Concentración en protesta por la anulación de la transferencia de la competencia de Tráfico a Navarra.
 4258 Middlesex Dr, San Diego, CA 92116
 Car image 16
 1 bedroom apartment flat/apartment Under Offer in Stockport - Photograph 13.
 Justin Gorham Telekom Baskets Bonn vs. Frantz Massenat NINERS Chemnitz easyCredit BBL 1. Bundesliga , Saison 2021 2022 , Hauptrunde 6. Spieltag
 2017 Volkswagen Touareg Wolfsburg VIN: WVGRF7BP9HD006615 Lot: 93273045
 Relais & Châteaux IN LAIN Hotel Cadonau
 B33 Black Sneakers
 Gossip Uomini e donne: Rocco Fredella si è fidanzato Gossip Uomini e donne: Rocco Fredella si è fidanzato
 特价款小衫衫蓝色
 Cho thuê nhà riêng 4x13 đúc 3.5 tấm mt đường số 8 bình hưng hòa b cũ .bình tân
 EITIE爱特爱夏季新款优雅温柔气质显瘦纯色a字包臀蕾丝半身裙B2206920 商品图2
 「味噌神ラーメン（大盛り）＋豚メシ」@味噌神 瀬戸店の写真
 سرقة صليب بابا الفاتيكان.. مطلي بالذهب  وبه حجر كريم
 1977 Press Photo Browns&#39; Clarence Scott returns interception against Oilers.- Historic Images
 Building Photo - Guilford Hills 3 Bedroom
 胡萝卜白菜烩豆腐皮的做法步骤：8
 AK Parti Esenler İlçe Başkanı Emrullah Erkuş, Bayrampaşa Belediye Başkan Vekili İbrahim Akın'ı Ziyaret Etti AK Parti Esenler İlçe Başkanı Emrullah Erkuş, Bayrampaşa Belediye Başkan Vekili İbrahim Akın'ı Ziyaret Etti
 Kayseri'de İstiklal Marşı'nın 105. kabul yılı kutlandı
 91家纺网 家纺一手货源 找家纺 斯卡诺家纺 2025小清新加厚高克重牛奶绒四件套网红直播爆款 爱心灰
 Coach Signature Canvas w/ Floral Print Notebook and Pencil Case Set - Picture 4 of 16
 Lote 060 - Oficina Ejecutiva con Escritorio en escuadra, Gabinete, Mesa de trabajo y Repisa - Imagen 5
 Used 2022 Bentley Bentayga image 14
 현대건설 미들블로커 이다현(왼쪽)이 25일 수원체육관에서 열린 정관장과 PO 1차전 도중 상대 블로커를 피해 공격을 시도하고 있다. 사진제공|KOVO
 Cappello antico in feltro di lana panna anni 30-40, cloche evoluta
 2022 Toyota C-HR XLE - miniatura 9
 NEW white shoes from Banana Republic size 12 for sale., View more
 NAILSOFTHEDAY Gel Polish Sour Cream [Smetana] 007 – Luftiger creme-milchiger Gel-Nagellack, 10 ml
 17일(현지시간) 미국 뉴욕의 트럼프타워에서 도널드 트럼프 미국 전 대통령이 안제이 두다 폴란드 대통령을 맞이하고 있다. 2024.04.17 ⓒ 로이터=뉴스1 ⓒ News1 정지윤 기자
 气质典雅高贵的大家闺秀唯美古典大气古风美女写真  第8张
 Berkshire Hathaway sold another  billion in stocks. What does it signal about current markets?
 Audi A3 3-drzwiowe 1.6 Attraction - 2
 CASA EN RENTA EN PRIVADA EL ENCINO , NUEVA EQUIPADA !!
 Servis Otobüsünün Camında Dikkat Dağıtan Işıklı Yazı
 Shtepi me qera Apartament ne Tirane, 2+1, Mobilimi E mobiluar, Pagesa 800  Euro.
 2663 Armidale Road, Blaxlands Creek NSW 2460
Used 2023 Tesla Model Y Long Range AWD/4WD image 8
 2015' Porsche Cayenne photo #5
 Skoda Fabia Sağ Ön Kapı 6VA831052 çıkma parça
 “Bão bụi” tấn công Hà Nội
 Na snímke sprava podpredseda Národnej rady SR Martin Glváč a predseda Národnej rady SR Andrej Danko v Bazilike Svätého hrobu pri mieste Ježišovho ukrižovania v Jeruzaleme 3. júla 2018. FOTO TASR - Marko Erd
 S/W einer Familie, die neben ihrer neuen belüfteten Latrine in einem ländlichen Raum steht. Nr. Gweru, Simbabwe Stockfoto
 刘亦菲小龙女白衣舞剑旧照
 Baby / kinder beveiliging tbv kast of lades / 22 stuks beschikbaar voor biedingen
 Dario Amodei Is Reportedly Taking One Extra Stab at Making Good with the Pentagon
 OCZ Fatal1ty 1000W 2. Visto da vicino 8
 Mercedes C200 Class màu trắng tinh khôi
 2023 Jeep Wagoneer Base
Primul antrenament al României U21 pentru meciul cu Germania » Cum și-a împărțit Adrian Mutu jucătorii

About this exercise: Copy each line in the entries above where the word "Used" shows up.

Response box:
 Used 2022 Bentley Bentayga image 14
Used 2023 Tesla Model Y Long Range AWD/4WD image 8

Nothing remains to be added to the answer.